Władimir Putin zgodził się na misję OBWE na Ukrainie, ale to pozorowany ruch. Bo ze strony Rosji nie widać cienia dobrej woli – mówi Marek Siwiec, były szef BBN, obecnie eurodeputowany partii Twój Ruch.
Na Krymie rosyjskie wojska przejmują kolejne strategiczne obiekty. Nie wierzę, że wysłanie tam misji Organizacji Bezpieczeństwa i Współpracy w Europie może zmienić sytuację. Choć Putin przystał na propozycję kanclerz Angeli Merkel, by powołać międzynarodową grupę kontaktową pod kierownictwem OBWE do mediacji politycznej między Rosją a Ukrainą, to jasno widać, że Moskwa robi trzy kroki do przodu i dwa do tyłu. Dziś mówi się o międzynarodowej komisji, a jednocześnie prowokatorzy demonstranci inspirują zamieszki w Doniecku. Nie widać cienia dobrej woli ze strony Rosji, inaczej zaprzestałaby ona wysyłania wojsk na Krym.

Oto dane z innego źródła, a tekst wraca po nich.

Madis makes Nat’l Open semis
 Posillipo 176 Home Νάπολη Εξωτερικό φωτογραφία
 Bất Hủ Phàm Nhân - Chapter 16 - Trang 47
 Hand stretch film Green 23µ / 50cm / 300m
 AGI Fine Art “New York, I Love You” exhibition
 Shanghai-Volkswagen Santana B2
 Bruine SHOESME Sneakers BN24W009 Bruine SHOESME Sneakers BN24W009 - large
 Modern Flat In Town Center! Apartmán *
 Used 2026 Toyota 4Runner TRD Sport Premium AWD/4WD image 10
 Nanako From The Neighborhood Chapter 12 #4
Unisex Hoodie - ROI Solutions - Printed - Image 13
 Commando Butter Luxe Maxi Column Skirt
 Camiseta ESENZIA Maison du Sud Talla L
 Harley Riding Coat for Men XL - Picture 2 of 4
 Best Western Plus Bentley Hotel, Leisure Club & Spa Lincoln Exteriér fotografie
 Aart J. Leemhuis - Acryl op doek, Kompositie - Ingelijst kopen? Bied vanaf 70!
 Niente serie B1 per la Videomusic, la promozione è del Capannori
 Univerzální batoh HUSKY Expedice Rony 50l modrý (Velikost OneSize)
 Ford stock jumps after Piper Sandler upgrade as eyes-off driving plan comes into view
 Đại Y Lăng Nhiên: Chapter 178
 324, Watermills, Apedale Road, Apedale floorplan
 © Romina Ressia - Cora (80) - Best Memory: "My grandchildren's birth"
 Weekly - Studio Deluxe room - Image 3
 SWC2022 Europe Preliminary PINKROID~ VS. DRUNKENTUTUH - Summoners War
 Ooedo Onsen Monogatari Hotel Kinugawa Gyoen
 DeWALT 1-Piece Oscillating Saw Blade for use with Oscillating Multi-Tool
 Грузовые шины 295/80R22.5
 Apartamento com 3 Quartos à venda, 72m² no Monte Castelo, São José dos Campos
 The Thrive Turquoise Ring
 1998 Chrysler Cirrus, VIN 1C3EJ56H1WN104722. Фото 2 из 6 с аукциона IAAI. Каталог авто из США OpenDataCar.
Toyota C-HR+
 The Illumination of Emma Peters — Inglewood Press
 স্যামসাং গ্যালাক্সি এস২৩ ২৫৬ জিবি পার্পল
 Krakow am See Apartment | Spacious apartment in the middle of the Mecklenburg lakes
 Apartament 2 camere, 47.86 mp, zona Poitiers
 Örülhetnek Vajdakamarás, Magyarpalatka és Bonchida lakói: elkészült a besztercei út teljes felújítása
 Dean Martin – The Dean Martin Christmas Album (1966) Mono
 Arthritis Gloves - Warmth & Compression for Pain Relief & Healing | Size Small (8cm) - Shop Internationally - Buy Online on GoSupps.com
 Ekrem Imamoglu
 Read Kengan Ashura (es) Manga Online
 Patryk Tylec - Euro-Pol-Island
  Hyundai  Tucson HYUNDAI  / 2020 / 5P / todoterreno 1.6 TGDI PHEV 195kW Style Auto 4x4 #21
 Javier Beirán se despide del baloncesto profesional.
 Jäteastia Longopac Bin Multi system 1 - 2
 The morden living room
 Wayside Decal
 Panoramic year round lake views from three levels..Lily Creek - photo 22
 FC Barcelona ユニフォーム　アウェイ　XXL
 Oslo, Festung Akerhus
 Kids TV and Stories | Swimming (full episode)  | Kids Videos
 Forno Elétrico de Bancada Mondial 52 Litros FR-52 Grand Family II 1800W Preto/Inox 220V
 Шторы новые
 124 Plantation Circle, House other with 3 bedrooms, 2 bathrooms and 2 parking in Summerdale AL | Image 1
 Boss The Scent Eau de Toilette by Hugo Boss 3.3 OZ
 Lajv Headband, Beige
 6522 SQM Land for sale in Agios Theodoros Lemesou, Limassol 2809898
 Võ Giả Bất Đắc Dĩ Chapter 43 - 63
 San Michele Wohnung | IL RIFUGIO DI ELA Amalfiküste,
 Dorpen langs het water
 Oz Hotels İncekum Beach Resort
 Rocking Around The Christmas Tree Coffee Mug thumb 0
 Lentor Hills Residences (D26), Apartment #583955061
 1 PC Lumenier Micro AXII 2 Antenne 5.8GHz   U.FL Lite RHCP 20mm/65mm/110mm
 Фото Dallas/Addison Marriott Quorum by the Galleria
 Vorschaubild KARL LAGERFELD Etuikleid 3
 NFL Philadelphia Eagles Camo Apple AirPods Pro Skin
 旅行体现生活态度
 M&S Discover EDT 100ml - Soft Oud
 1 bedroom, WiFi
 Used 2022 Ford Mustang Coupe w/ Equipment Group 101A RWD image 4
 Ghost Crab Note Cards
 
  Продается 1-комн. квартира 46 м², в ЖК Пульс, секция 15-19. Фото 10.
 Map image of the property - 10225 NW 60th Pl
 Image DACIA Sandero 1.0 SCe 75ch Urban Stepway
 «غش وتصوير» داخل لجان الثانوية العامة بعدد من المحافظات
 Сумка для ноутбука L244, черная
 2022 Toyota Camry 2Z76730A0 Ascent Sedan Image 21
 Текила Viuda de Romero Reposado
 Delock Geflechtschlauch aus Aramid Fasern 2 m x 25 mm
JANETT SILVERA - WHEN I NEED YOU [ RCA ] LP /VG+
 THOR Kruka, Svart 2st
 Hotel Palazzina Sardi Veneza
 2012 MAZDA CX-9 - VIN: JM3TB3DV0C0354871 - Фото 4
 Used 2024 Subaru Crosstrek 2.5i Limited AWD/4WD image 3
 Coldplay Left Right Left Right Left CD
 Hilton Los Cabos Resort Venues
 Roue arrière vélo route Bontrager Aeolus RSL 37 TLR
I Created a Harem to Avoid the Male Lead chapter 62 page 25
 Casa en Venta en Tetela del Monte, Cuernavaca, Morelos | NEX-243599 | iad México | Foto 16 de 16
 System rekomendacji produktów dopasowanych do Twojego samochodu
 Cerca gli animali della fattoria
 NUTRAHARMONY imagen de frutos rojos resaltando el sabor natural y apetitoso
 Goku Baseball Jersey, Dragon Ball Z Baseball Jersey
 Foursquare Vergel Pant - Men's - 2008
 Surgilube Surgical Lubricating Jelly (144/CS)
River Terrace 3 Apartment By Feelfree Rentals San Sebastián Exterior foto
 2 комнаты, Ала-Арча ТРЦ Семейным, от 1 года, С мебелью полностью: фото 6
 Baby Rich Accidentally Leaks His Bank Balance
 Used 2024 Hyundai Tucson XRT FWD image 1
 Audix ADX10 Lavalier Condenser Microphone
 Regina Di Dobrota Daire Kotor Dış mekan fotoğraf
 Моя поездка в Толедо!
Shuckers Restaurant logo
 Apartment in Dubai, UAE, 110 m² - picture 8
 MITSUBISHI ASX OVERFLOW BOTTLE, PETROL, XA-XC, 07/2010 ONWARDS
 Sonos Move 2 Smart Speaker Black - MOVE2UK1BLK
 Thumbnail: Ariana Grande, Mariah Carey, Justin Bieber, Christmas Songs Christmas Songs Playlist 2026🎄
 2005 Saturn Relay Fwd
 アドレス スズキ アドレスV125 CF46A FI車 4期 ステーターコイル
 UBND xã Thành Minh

Rosja pokazała fatalny wizerunek całego kraju, występując w roli międzynarodowego bandyty. Dlatego widzę ciemny scenariusz na najbliższe dni – Unia Europejska będzie stosować presję dyplomatyczną, ale trwa pełzająca inwazja, która może doprowadzić do rozpadu Ukrainy.